実験の一つとして、2023年までに近未来型の図書館を作るという構想もあります。これまでの図書館は、“本の館”でした。たとえば、どうしても出なきゃいけない授業やゼミがあるときだけ大学に来て、終わったらパッと帰るか、サークルに行くだけの学生は実際のところ多いでしょう。それは、大学に自分の居場所、研究室がないからです。近未来の図書館は、空席に座り、自分のスマートフォンをかざすと、自分だけのデジタル書庫が出てきて、そこで授業の復習や興味のある勉強などができるというものです。もっと進むと、家でもできるようになるかもしれませんね。

「10年後輝かせること」だけを考えて

藤本:改革に当たって、学長の公用車も廃止したと伺いました。
三木:実は私が学長になったとき、本学は財政収支が赤字でした。さらに、訴訟案件を2つ抱えており、混乱していた時期でもありました。他方で、学長になる前、学内の本屋の規模がどんどん縮小していることについて、おかしいなと感じていたんです。というのも、勉強とは、「知らない世界の存在に気づく」ことだからです。どの分野においても、専門的に勉強することで“未知との遭遇”を繰り返し、さらに知らない世界が存在することに気づいていく。大学とは、そういうことを体験させる場所です。スマートフォンの予測変換では、未知と遭遇することは難しい。
umano08②
だから、学生に本の情報を提供していくことが、大学の今、一番大事な役目なのです。学長になったら、そこに手を入れなきゃいけないなと思っていた。 
 
ただし、そのためには予算が必要です。まずは、財政赤字を立て直さないといけない。ですから、学長になり、副学長の田中正郎先生と2人で財政の立て直しに本格的に取り組みました。まず、自分が公用車に乗ることをやめて、ちゃんと歩く。改革を進めるのであれば、組織のリーダーが率先してやらなければダメだと思います。田中先生も、鎌倉の自宅から毎日通って頑張っていました。そういう姿勢を見たら、誰も反論できないですよね。
藤本:文字通り、陣頭指揮で財政を立て直されたのですね。
三木:それから、田中先生と部局別の予算を見て、赤字が出ているところについては、「このままだと、もう無理ですよ」とはっきり伝えていきました。それまでは部門別収支も非公開となっていましたが、財務情報を全部公開させて、予算作成過程も公開させました。さらに、赤字の中心となっていた法務研究科(法科大学院)の2018年度からの学生募集停止も決めました。僕の専門は法学だから、本当は僕が一番残したかったんです。でも、他の人だったら遠慮してできない。むしろ、自分だからやれるわけで、今しかないと思いました。結果としては、全然マイナスにならなかった。法学部の受験生は増えて、偏差値も上がったんです。これを見て、他の専門職大学院は「自分たちも切られる」と思って、慌てて改革をやり始めました。専門職大学院のところだけでも、赤字をかなり減らしました。
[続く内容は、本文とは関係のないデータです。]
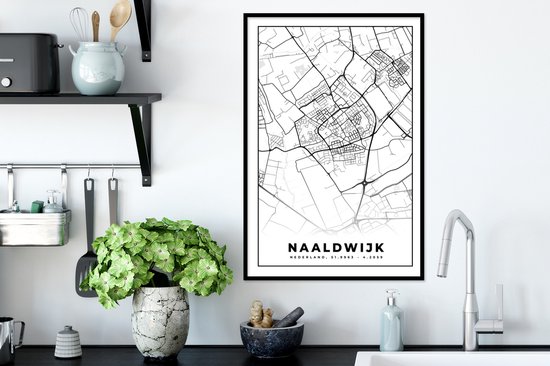 Cadre photo avec affiche Zwart Wit- Naaldwijk - Plan de la ville - Zwart Wit - Carte - Carte - Nederland - 40x60 cm - Cadre pour affiche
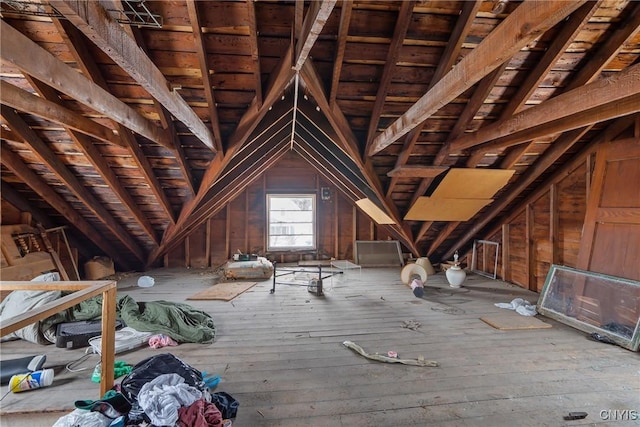 view of unfinished attic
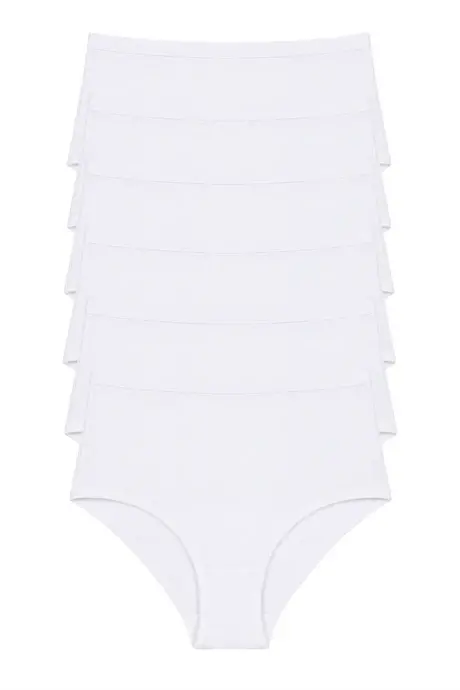 Women's High Waist Briefs White 6-Pack Cotton Lycra Flexible Comfortable Underwear - 1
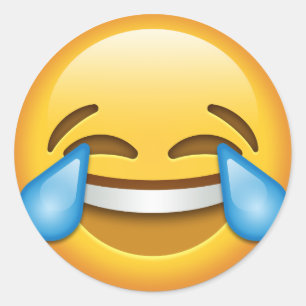 tranen van Joy emoji grappig Ronde Sticker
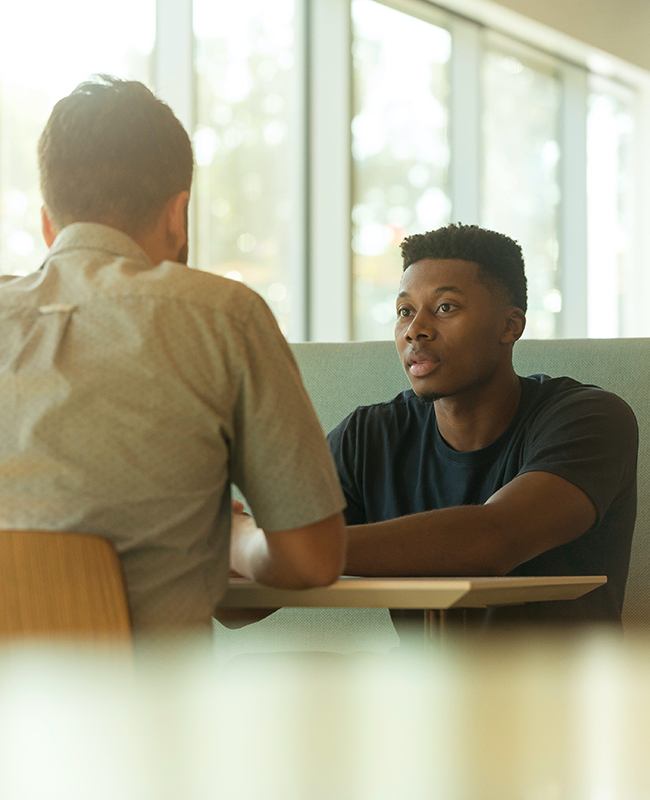 Student and Advisor making a plan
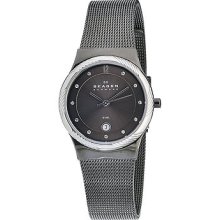 Skagen Ladies Denmark Twisted Topring Grey Dial Steel Mesh Band Watch 880lmms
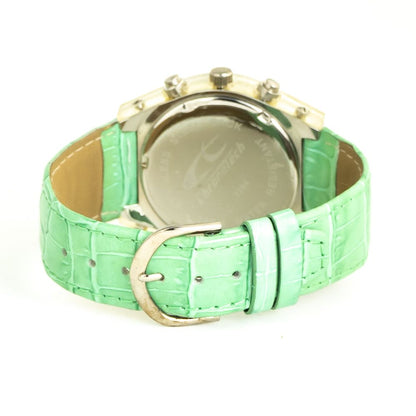 Chronotech Green Leather Watch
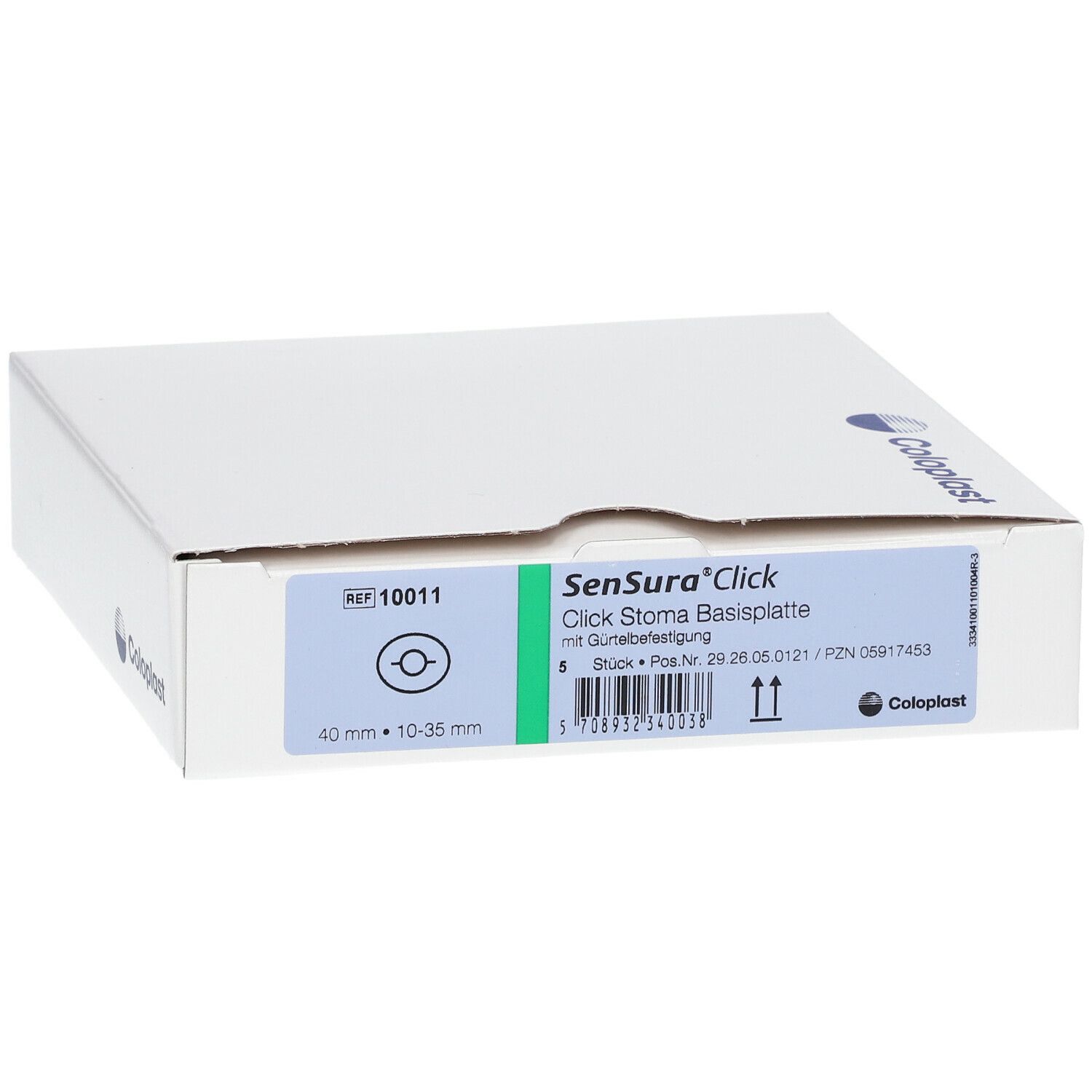 SenSura® Click Basisplatte plan 110x90mm SG10-35mm, RR40mm mit Gürtelbefestigung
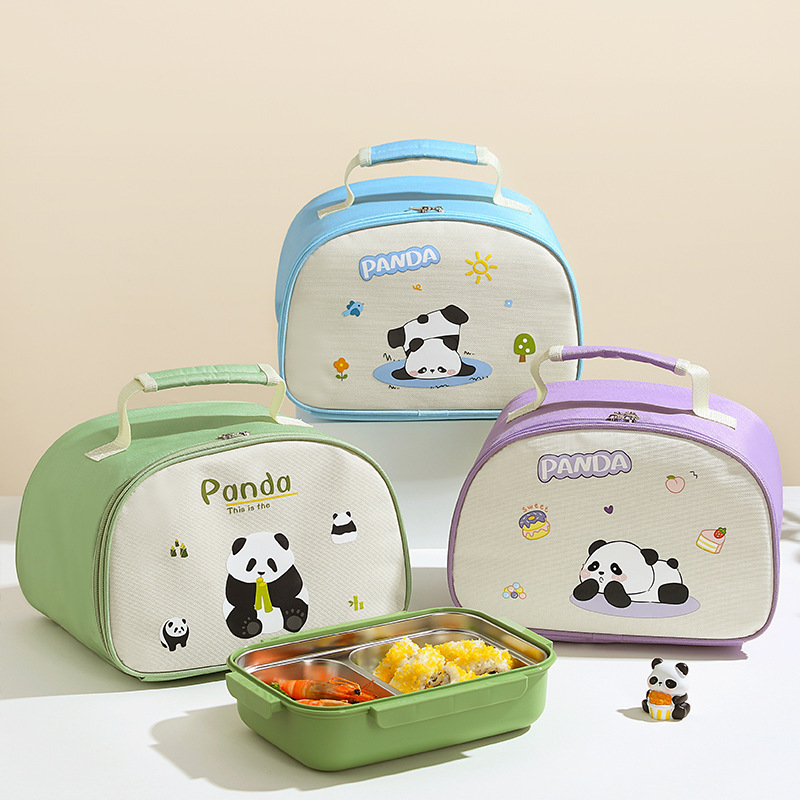 Panda Portable New Oxford Cloth Insulation Handbag Outdoor Storage Bag Picnic Thickened Large Capacity Insulation Rice Bag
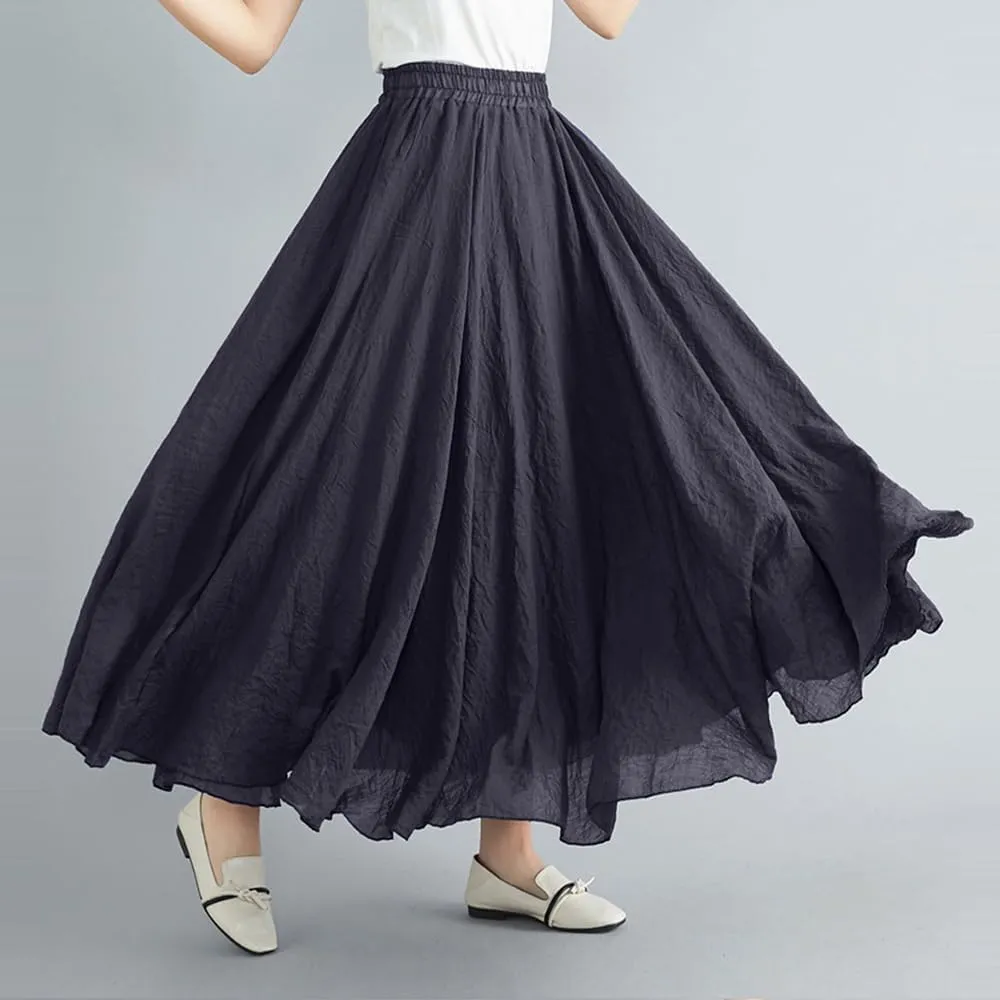 ASHER FASHION Women's Bohemian Style Elastic Waist Band Cotton Linen Long Maxi Skirt Dress
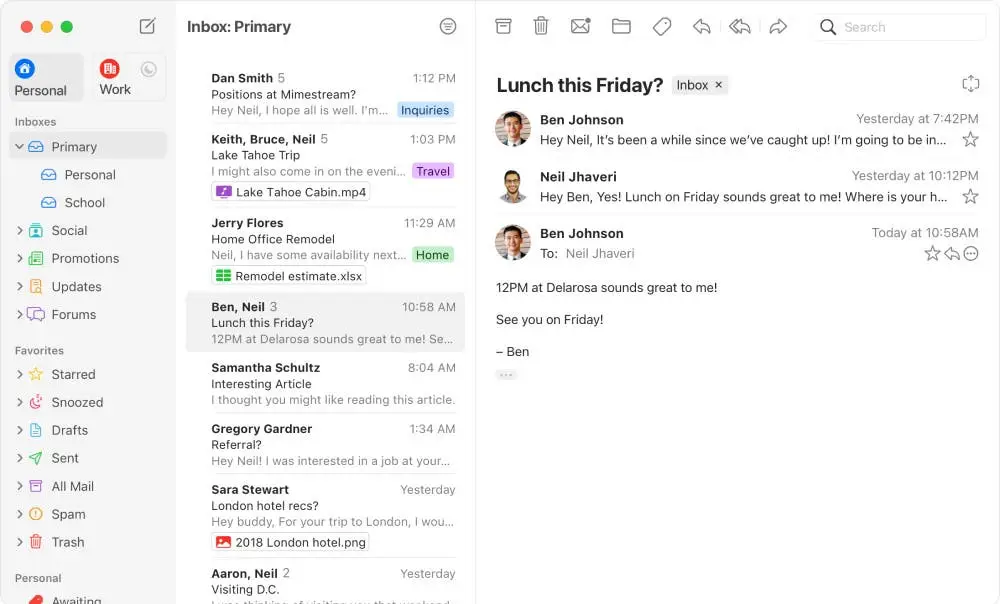 mimestream app page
ずいぶんと反発も受けましたが、学長になって1年目で赤字のところの出血を止めて、2年目でようやく黒字基調に戻すことができました。その結果、女子学生が使うパウダールームの設置や、2017年9月には「AGU Book Café」というカフェが併設された新しい本屋もオープンできました。訴訟については、「大学の問題は大学の自治があるんだから大学でやりましょう」と関係者に交渉し、和解・取り下げをしてもらいました。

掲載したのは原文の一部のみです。